- Born: 1957 (age 68–69) Abhar, Iran
- Education: Electronic Engineering
- Alma mater: Abadan Petroleum University
- Occupations: former CEO of National Iranian Oil Company

= Roknodin Javadi =

Iranian business executive (born 1957)

Roknodin Javadi (رکن‌الدین جوادی; born 1957) is an Iranian politician and business executive.

He is a former CEO of National Iranian Oil Company, former Deputy oil minister of iran and the former chairman of National Iranian South Oil Company.

Javadi served as managing director of National Iranian Gas Export Company (NIGEC) during ex-president Mohammad Khatami`s administration, who signed Crescent Gas Contract on behalf of the Iran's Oil Ministry.

In September 2013 Javadi was appointed as the managing director and CEO of National Iranian Oil Company (NIOC) and as deputy oil minister by Iran's oil minister Bijan Namdar Zanganeh. He succeeded former NIOC CEO Ahmad Ghalebani.

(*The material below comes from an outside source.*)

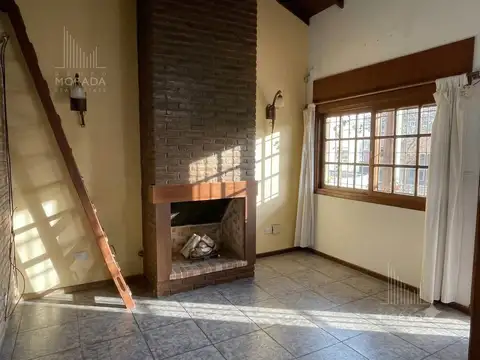 Casa 3 ambientes con 1 baño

Javadi served as NIOC’s CEO until he resigned in June 2016. He was succeeded by Ali Kardor. Javadi also served as vice-chairman of the board. Following his work as CEO for NIOC Javadi began serving as the Ministry of Petroleum's deputy managing director for monitoring hydrocarbon resources. He was regularly being appeared on national and international media.